03 Honda Foreman with 60" Cycle country rear blade and with Ice Ripper's
for trying to keep packed snow off of the drive way.
also has a 44" snowblower that goes on the front if I have deep snow to deal with

02 Honda Foreman with 60" Moose plow and full chains
heated grips and thumb warmer and Moose Handle bar Mits


----------



## mikeyd915 (Sep 22, 2014)

sublime68charge;1835789 said:


> This will be my line up again.
> 
> 02 Honda Rancher with 50" Moose County Plow as the backup unit.
> 
> ...


I seen that Honda is not a real 4x4. As in, there isn't a differential lock so only 3 wheels spin. Is there any truth to this?

Check out this video. It compares major brands 4 wheel drive. 
Start at 4:50


----------



## sublime68charge (Dec 28, 2007)

mikeyd915;1835794 said:


> I seen that Honda is not a real 4x4. As in, there isn't a differential lock so only 3 wheels spin.
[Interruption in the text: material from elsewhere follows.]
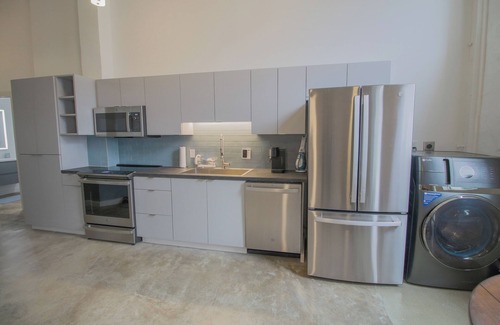 Civil Rights Historic District Apartment | Newly renovated chic apartment within steps of Birmingham’s best attractions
Is there any truth to this?
> 
> Check out this video. It compares major brands 4 wheel drive.
> Start at 4:50


yea the Honda's have are a open Diff in the front so you end up with only 1 tire spinning up front. In a pinch if you pump your front brakes you can get your non spinning tire to try and pull some though to help get you going again.

OR you can get a Locker for the front end and solve the problem which is a $200-500 dollar fix depends on what you get.

the 2014 Honda Foreman has a front diff lock option on it now from the factory. only ten years behind from when they should have done it.

that's Honda for you I guess.


----------



## ProperLandscape (Sep 10, 2013)

ATV with a cab and heat


----------



## mikeyd915 (Sep 22, 2014)

And this is something they would never advertise. It is why I went with Polaris. Only true 4 wheel drive with simple click of a button.


----------



## ProperLandscape (Sep 10, 2013)

How does the rubber cutting edge work on snow that has been driven on and compacted?


----------



## mikeyd915 (Sep 22, 2014)

This will be my first year. 

However, I would expect that is should do fine. It is very thick (1") and pretty stiff. It should do a good job and protect the driveway. The main reason for it was to protect driveway. 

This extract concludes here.